** Opening Entries supplied block **
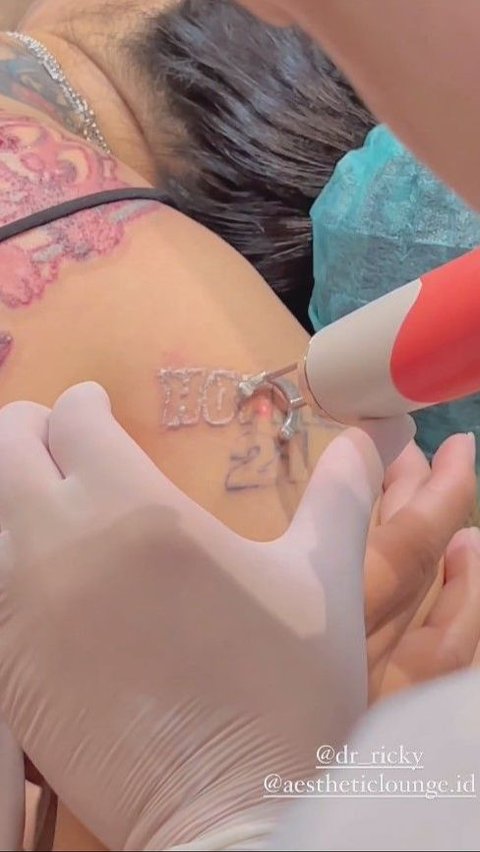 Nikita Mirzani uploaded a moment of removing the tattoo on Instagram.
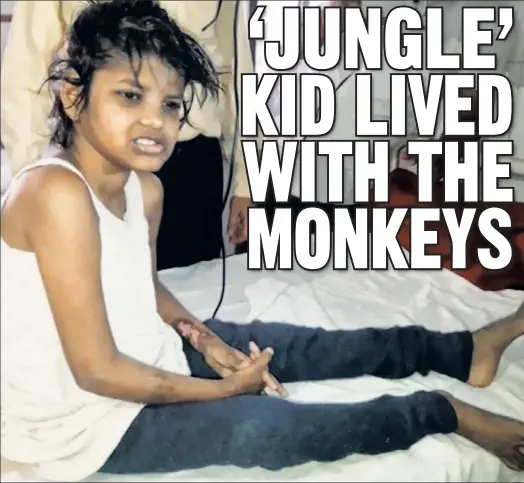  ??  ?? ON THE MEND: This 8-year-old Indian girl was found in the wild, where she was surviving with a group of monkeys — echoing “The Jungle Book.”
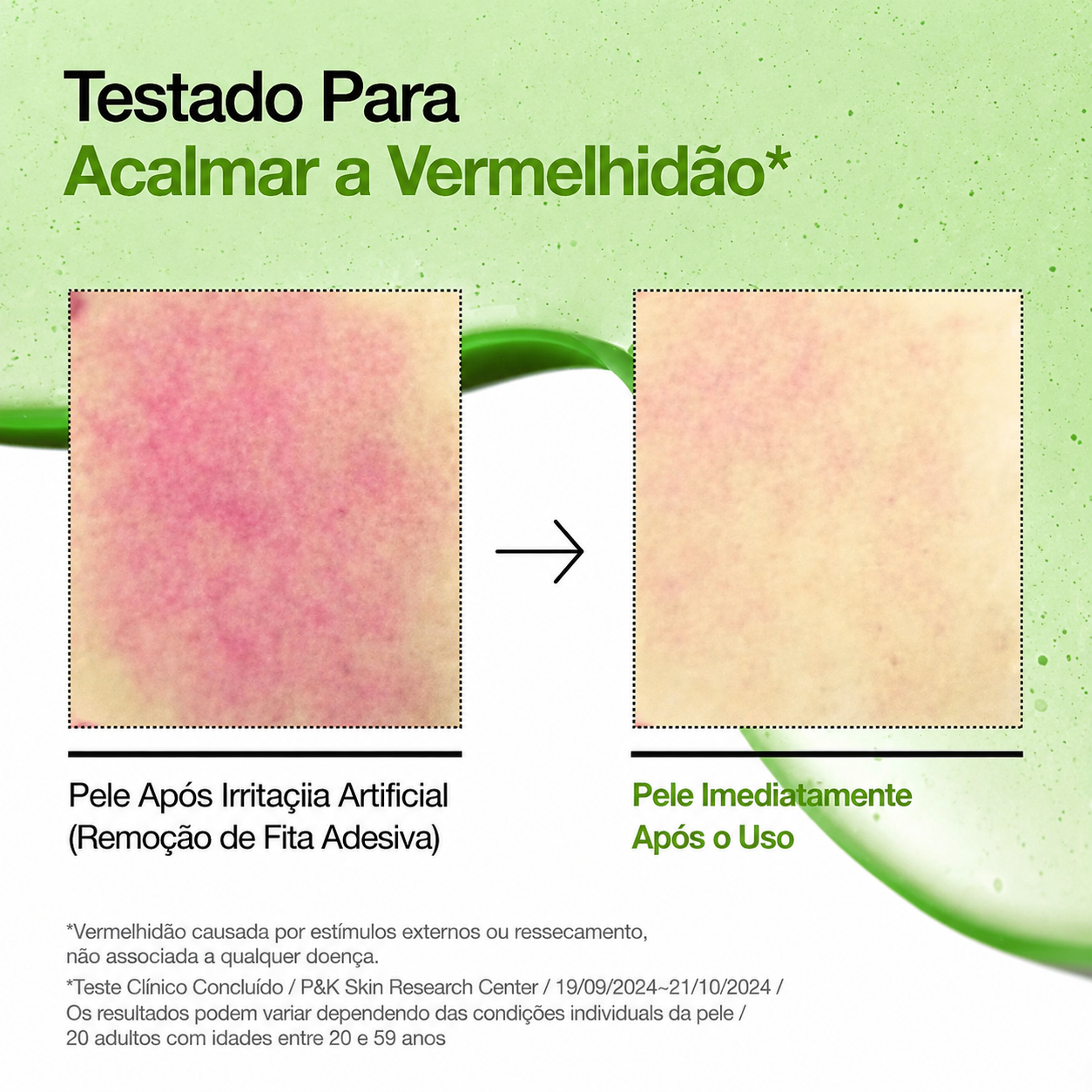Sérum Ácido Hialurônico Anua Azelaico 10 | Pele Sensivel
** Closing Entries supplied block **
** Opening Entries supplied block **
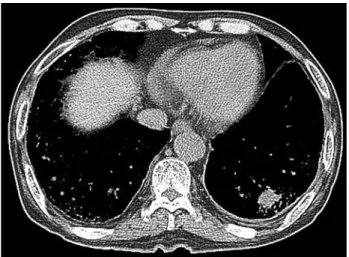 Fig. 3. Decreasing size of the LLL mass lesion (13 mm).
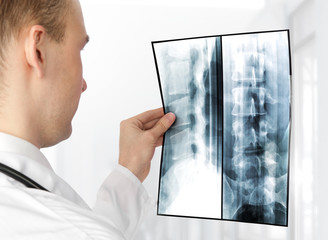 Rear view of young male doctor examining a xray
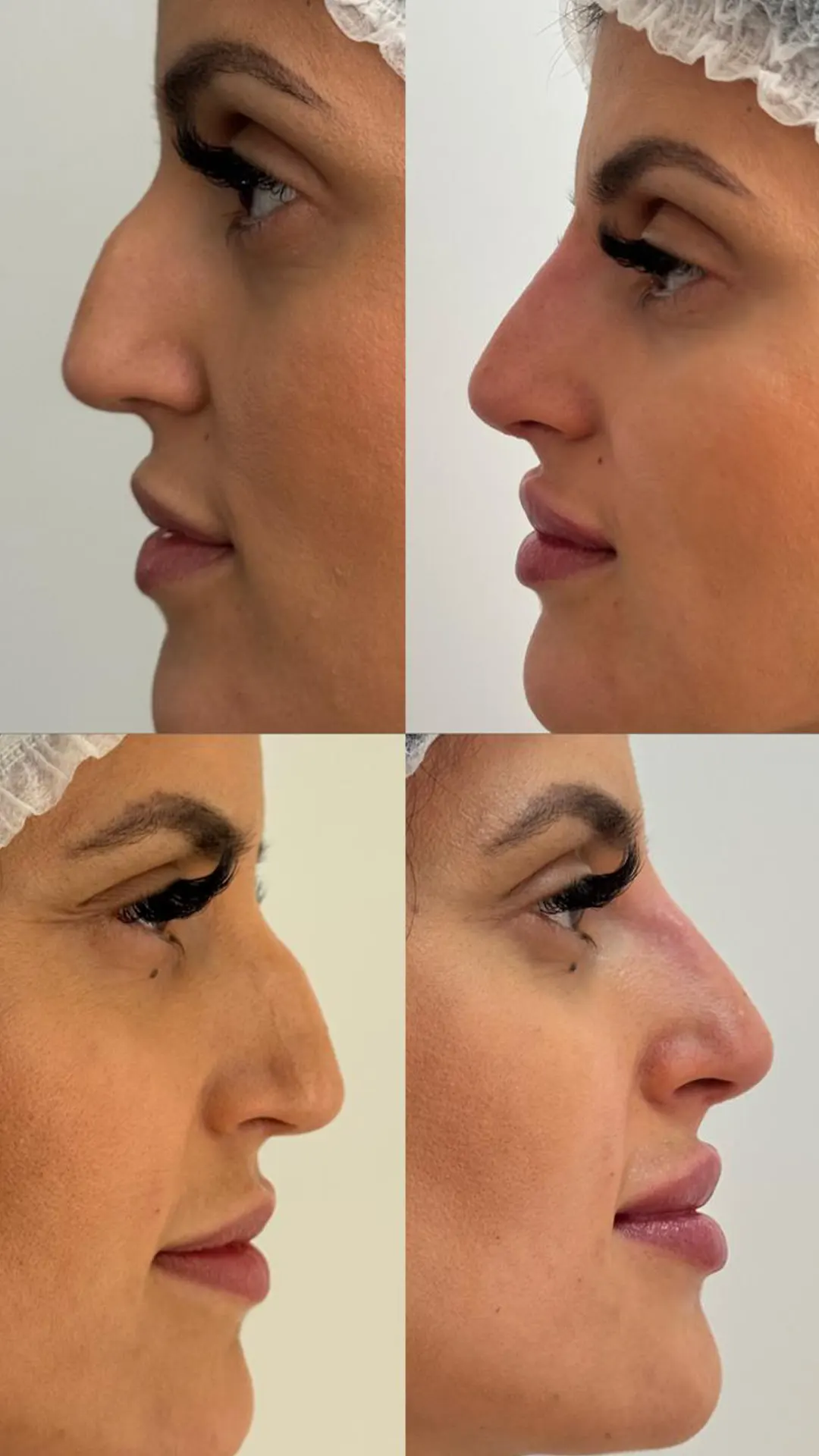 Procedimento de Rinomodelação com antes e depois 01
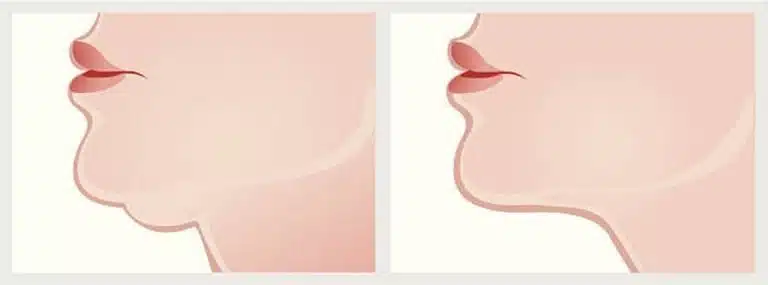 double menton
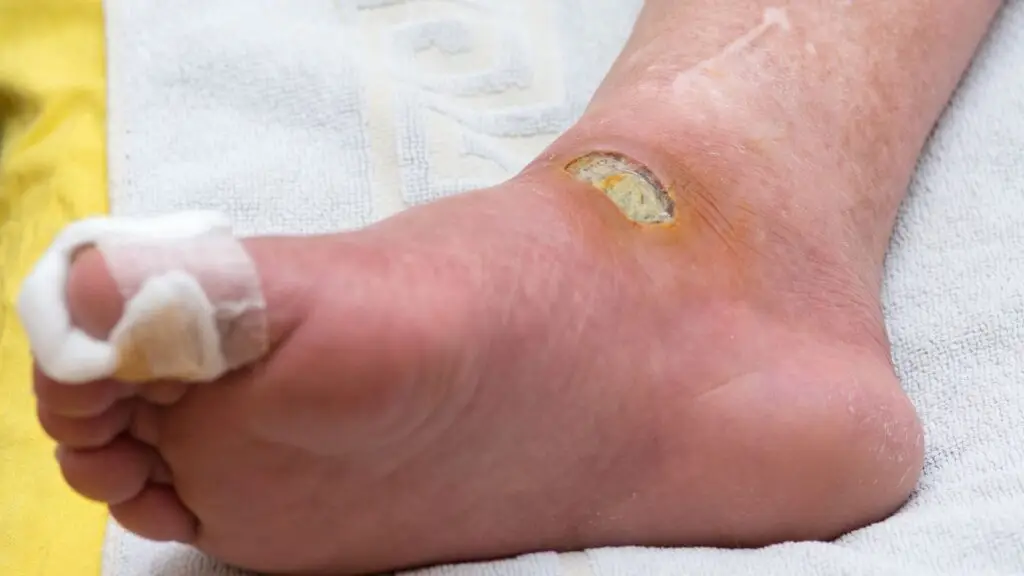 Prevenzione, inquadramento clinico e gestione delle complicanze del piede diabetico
** Closing Entries supplied block **
** Opening Entries supplied block **
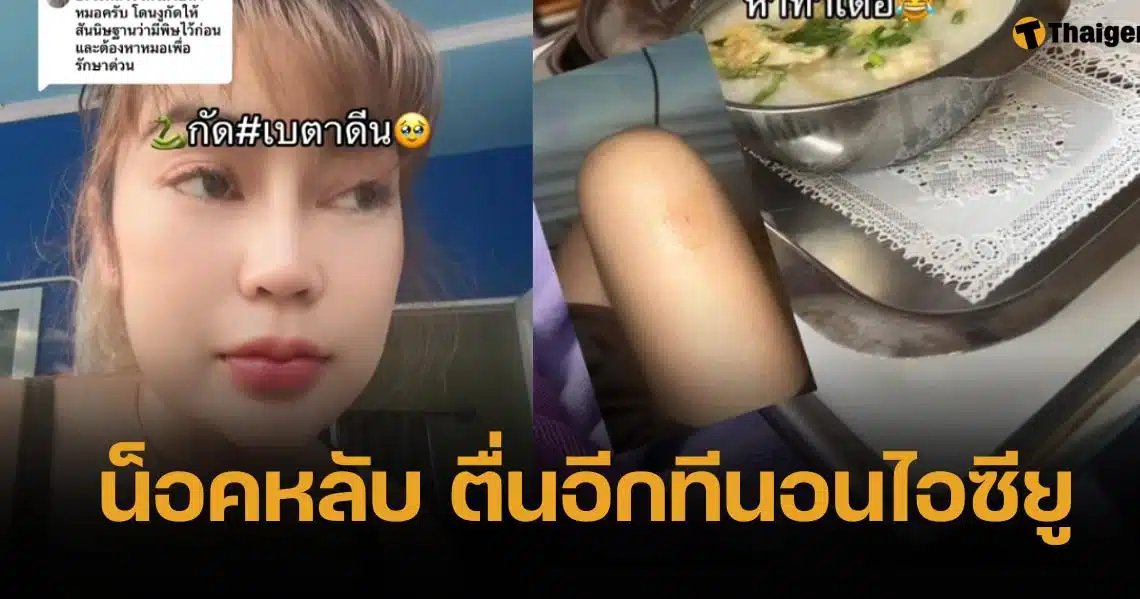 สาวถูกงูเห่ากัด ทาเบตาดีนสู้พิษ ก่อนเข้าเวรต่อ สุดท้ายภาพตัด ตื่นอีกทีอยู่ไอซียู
** Closing Entries supplied block **
Would you transcribe the lines above exactly, going from the line bearing "Procedimento de Rinomodelação" through the line bearing "Prevenzione, inquadramento clinico", and drop the pictures from the copy?

Exercise result.
 Procedimento de Rinomodelação com antes e depois 01
 double menton
 Prevenzione, inquadramento clinico e gestione delle complicanze del piede diabetico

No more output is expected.